Giuseppe Leuzzi
È pieno il Sud di nomi genovesi, Spinelli, Perrone, Grimaldi, eccetera. Erano prestatori di denaro ai re di Napoli, che non furono rimborsati, ma ripagati con feudi – con nomi di feudi. È una traccia visibile, che Braudel, il grande storico del Mediterraneo, ha documentato (da ultimo in “Civiltà e imperi nel Mediterraneo nell’età di Filippo II”), di cui Carlo Cipolla fa ottima sintesi nella “Storia facile dell’economia italiana dal Medioevo a oggi”, 66: “Furono genovesi coloro che, a partire dal 1521, acquistarono i feudi napoletani che Carlo V, esaurita ogni altra risorsa, dovette porre in vendita”.
Esemplare
l’intervista del dottor Permunian a “la Repubblica” - il dottore è il giudice che, nei suoi cinque anni di
servizio in prima nomina nella delicata sede di Locri, si è dedicato al grande
mafioso
Lucano, con una inchiesta
che lo ha assorbito tutto – l’arringa finale è durata dieci ore: “Sono dispiaciuto”, dice il giudice
infine sincero, “risalirò in Veneto, o in Friuli”. Lo dice non da salviniano (“Sono
stato in Africa”), da chierichetto: contro il ladro di elemosine.

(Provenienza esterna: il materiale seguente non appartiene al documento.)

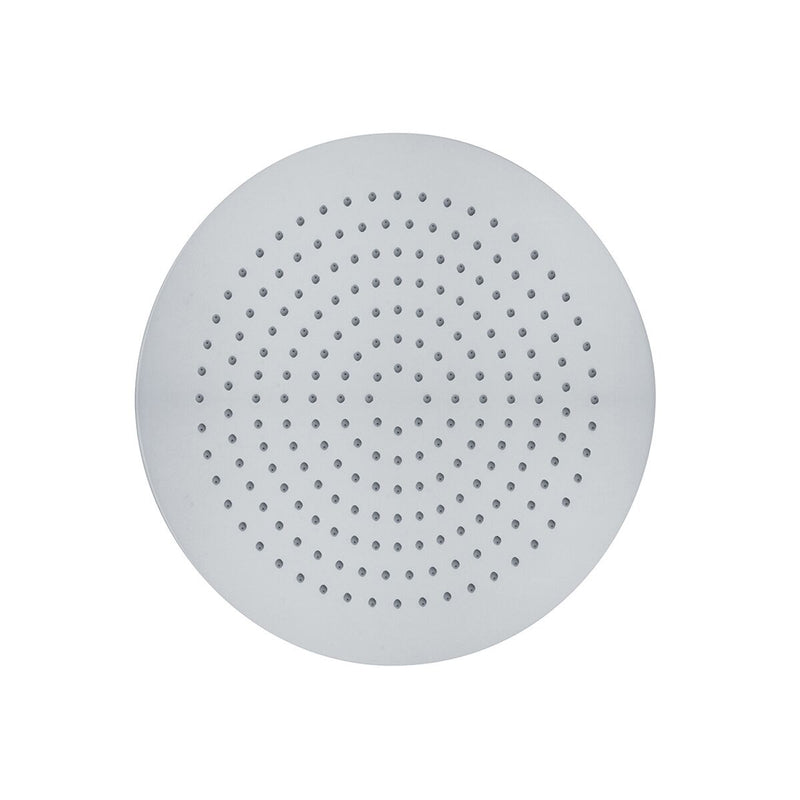 Soffione tondo Vienna 25cm in acciaio spazzolato con anticalcare by CeramicStore | Lo specialista del tuo bagno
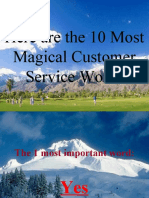 10 Words Customer Care in The Hotel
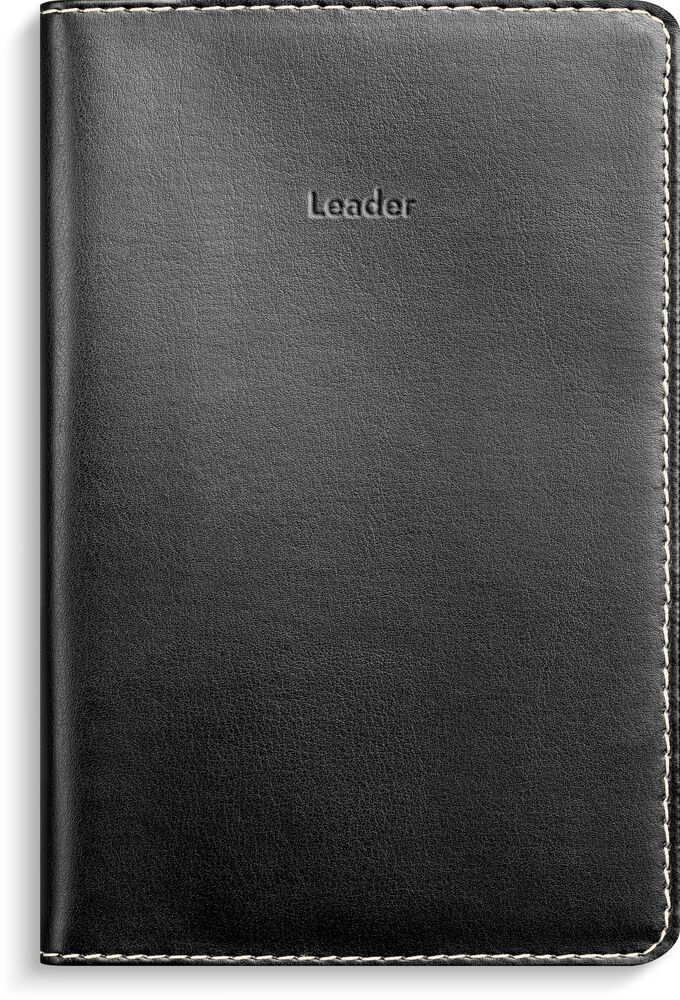 Burde Kalender Leader 2025 svart spiralbunden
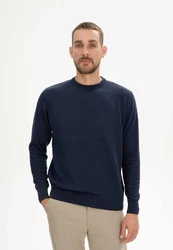 MELAWEAR Pullover HIMAL Dunkelblau/Blau/Hellblau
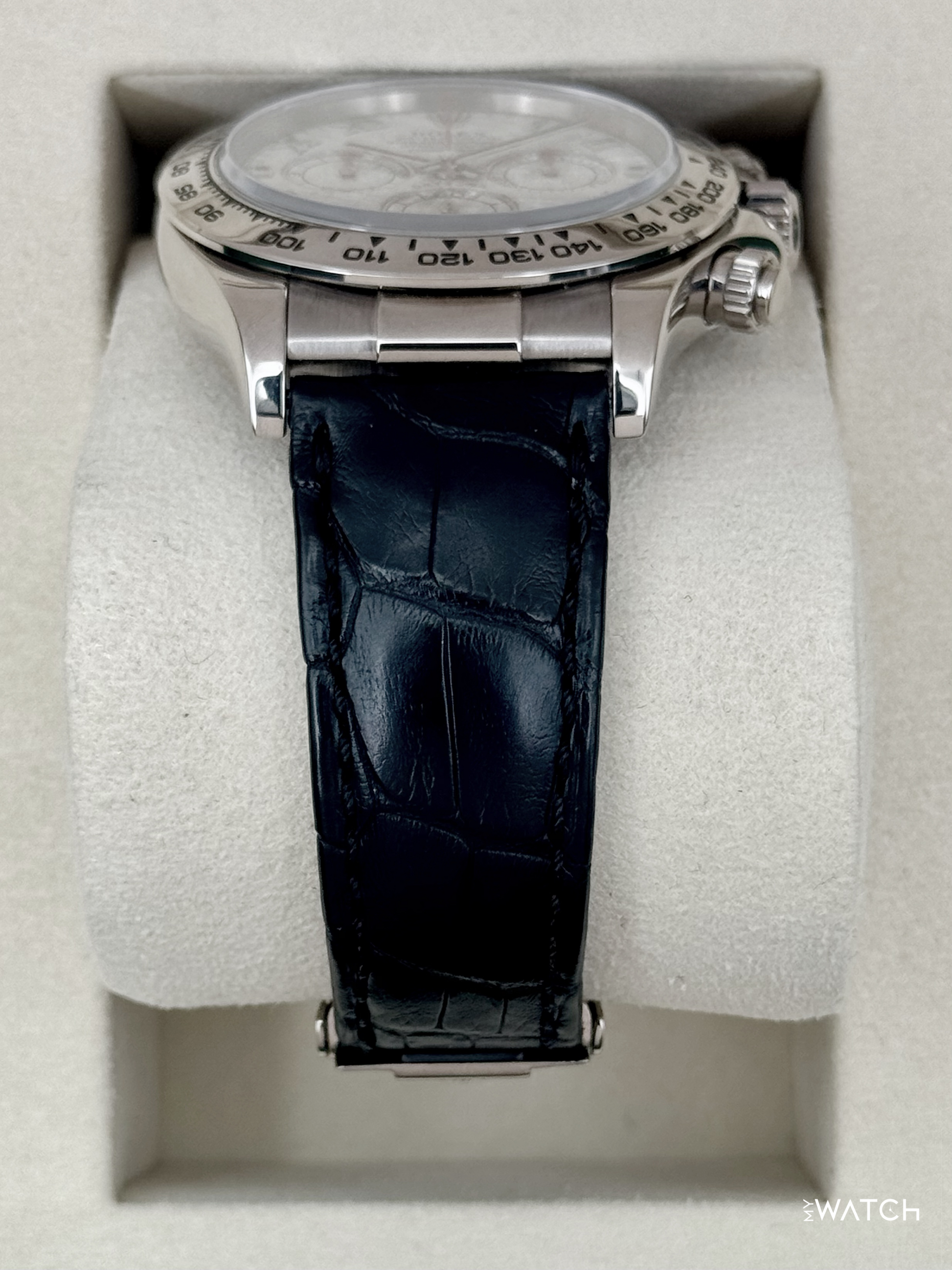 2002 Rolex Daytona 40mm 116519 White Gold Meteorite Dial - MyWatchLLC
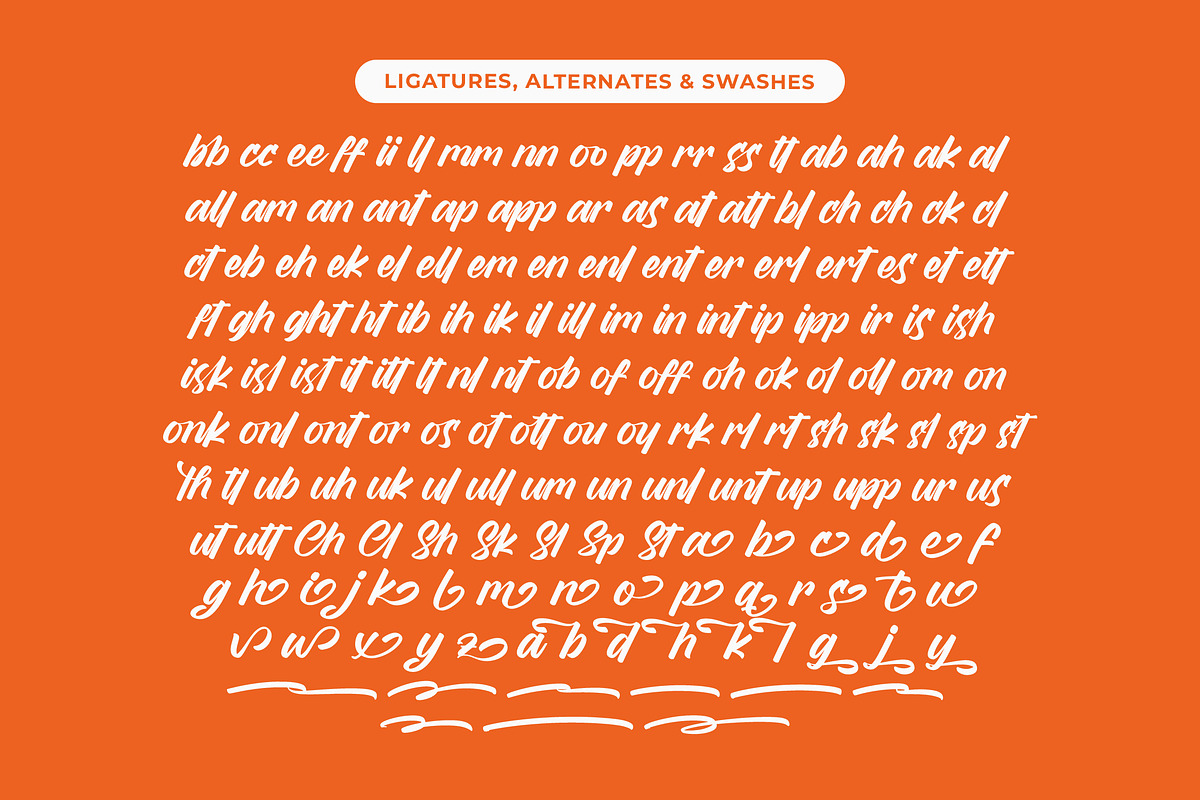 Bently Rittero Handwritten Font, a Script Font by Letterena Studios Script (Photo 19 of 20)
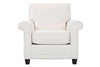 Image of Samantha Traditional Fabric Upholstered Accent Armchair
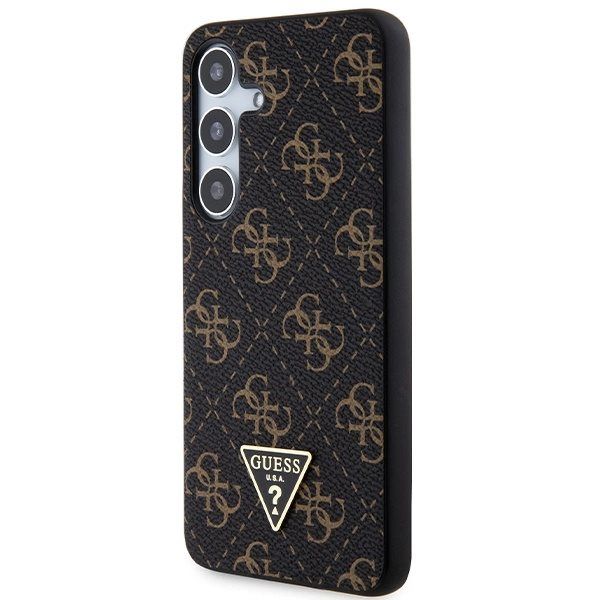 Guess 4G Triangle Deksel til Samsung Galaxy S24+ - Svart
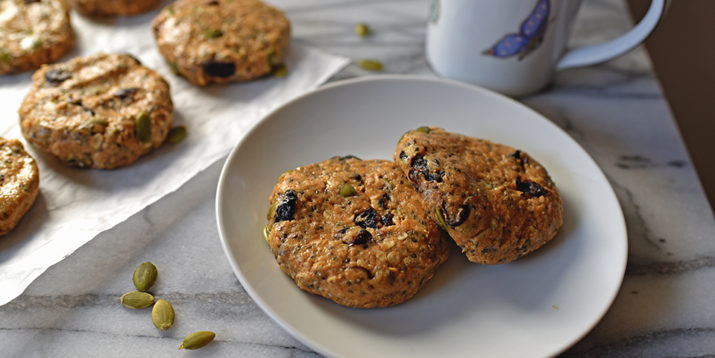 Galletas de Shakeology Para el Desayuno (sin hornear)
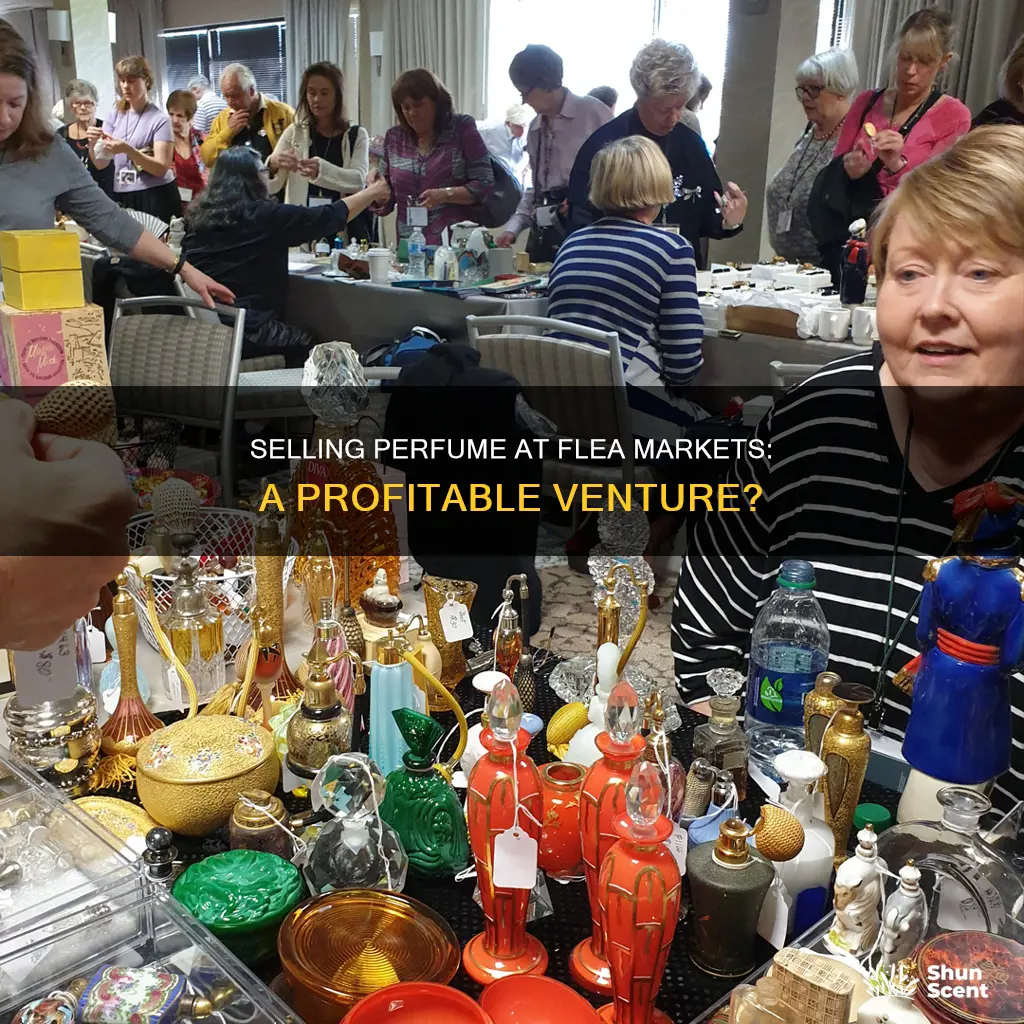 does perfume sell good at flea markets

È sceso al
Sud, ha fatto sporco
anche il pulito, se ne risale.
Si potrebbe anche chiedere - si sarebbe potuto chiedere - al dottor Permunian, tanto buono, come mai non ha visto i migranti che a frotte sbarcano nella Locride - una (non piccola) Lampedusa di terraferma, preferita perché si può sbarcare sottraendosi ai controlli. Ma, certo, intrappolare Lucano è stato una grande fatica.
Un
quinto dei disoccupati di lunga durata nella Ue si trova in Italia, 1,13 milioni
di persone in cerca di lavoro da oltre dodici mesi in Italia, su un totale di
5,23 milioni nell’Unione Europea. Del totale italiano due terzi, 695 mila, sono
al Sud.
Un
numero in calo rispetto alla precedente rilevazione (2019), 834 mila, ma per
effetto di un maggior numero di persone (donne) che hanno rinunciato a cercare
lavoro. Ma un numero, su una popolazione al Sud e nelle isole di 20 milioni, superiore
a tutti i disoccupati di lunga durata della Germania, 489 mila, su una
popolazione di 83 milioni.
Il Nord finirà
prima del Sud
Sulla
base degli indici di natalità, o meglio di denatalità (la popolazione diminuisce),
degli ultimi tre anni (esattamente, dall’1 gennaio 2018 al 30 maggio 2021), Roberto Volpi su “La
Lettura” si diverte a prevedere quando le maggiori città italiane saranno
scomparse. Ai primi posti vengono Firenze, scomparsa fra 61 anni, e Catania,
fra 60 anni. Volpi si diverte a scegliere Catania per simulare l’estinzione.
Firenze
non sarebbe stata meglio? Una città che ha fatto l’Italia, nota nel mondo. E, a
differenza di Catania, in crollo di popolazione verticale, non da ora (per gli
abbandoni, molti fiorentini preferendo risiedere in aree circostanti, Mugello, Valdarno
eccetera): dai 458 mila abitanti del 1971 a 360 mila. Mentre la serie storica
della popolazione a Catania è un po’ al dì sopra e un po’ sotto i 300 mila abitanti,
come ora (nel Millennio è passata da 312 mila a 294 mila abitanti).
Il
demografo (nessun legame con l’omologo fiorentino specialista dei 3000 siepi?),
se pensa a una fine la pensa naturalmente al Sud. Ma il Nord, si potrebbe dire
con lo stesso spirito, finirà (demograficamente) prima del Sud.
Sudismi\sadismi
Due
mesi fa, per gli incendi in Aspromonte, il
“Corriere della sera” e il suo specialista per il Sud Gian Antonio Stella
sghignazzavano prospettando catastrofi anche con le piogge, “La Calabria che brucia d’estate e poi frana
d’inverno”
https://www.corriere.it/opinioni/21_agosto_17/calabria-che-brucia-d-estate-poi-frana-d-inverno-d4459fd8-ff76-11eb-afac-f8935f82f718.shtml.
Le
piogge sono venute, e i disastri li ha provocati in Lombardia, Liguria e
Piemonte. Ancora non siamo in inverno, e poi l’acqua, capricciosa come si sa,
prima o poi colpirà anche la Calabria. Ma Stella è preciso nei suoi anatemi.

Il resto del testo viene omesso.